For 16 years, Carol Heatherly has called a 1,200-square-foot, two-story house with faded white siding on East Fifth Street her home.

She grew up in the same neighborhood, in a brick house a few doors down. She moved away, then returned in 2000, when she and her husband bought the house at 109 E. Fifth St. for $78,500, according to online state assessment records.

Heatherly, 71, is retired. She collects Social Security benefits. Her husband, a disabled Vietnam veteran, also receives compensation through the U.S. Department of Veterans Affairs.

“We don’t have too much, but we get by,” she said in an interview this month.

Twenty, ten, even five years ago, the entire street was lined with homes of similar size, occupied by people of similar means. In contrast with the larger, more ornate houses on Church, Second and Third streets, those on Fourth and Fifth streets were “the working people’s homes,” as Heatherly described it.

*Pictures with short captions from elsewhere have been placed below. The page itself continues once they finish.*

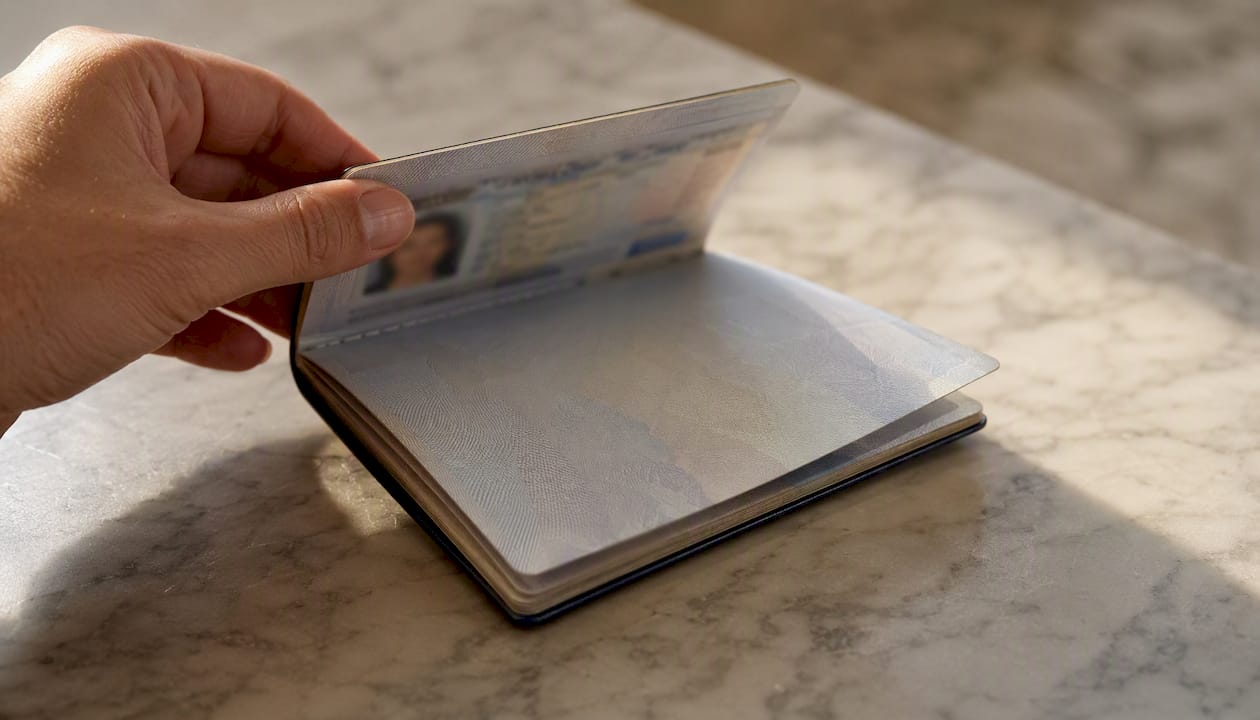 Hand turning from passport data page to blank visa pages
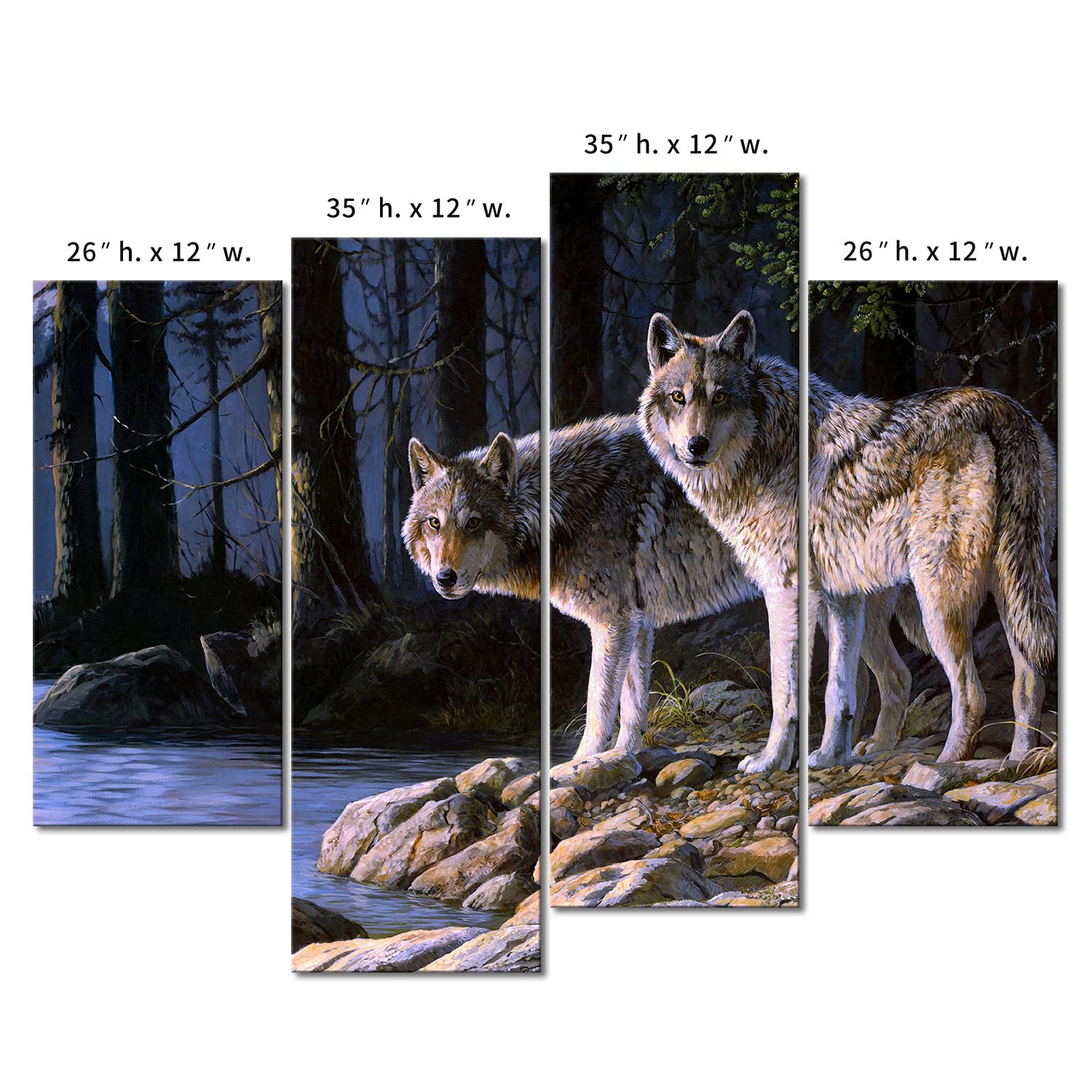 Two Wolf Stand On River Bank Forest Wall Art Painting Wolves Pictures Print On Canvas Animal The Picture for Home Modern Decoration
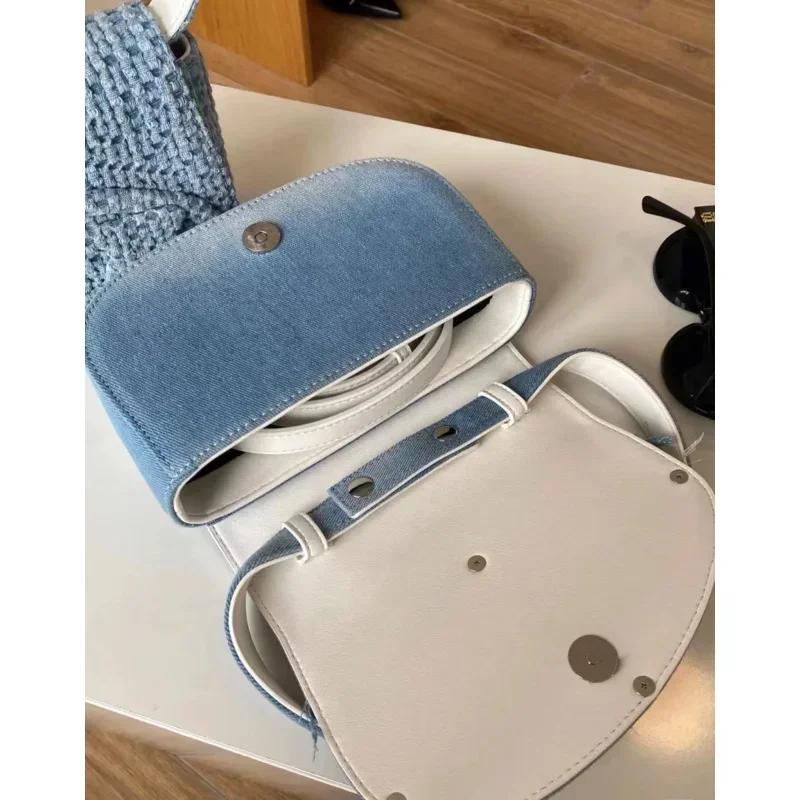 Женская Роскошная синяя джинсовая сумка женская уличная под плечо через с одной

But times are changing, and so is her neighborhood — partly the result of a new residential development between East Fourth and Fifth streets. The four-floor town houses, with new brick facades, tower over more modest early-20th century homes around them.

After a lengthy construction period — including significant delays when the former developer abandoned the project after the national housing market collapse — the 49-unit development known as Townes at Maxwell Square recently was completed.

In 2013, Comstock Homes, a Virginia-based developer, purchased the property from the previous developer, Churchill Group. Settlements on sales for the final homes were reached last month, according to Matthew Sitler, a sales manager for Comstock Homes.

Most houses sold for between $379,000 and $490,000, Sitler said in an interview in August.

Billed by Comstock as “modern luxury meets historic charm,” the three- and four-bedroom houses are designed to appeal to empty nesters and families “seeking the walkable, urban environment of downtown Frederick,” according to information on the company website.

Many in the community, including some who live in the surrounding neighborhood, praise the project for its multiple benefits — replacing a long vacant and abandoned lot with new development, meeting the increased demand for downtown housing, boosting surrounding property values.

But with those benefits lies the potential for unintended consequences — that new development could push longtime residents like Heatherly out of a traditionally more affordable downtown neighborhood.

A catalyst for revival

The Maxwell Square development offered everything Donna Reid and her husband wanted when they decided to downsize from their last home in Gaithersburg. The empty nesters in 2014 bought their house at 36 Maxwell Square for $426,055, according to online assessment records.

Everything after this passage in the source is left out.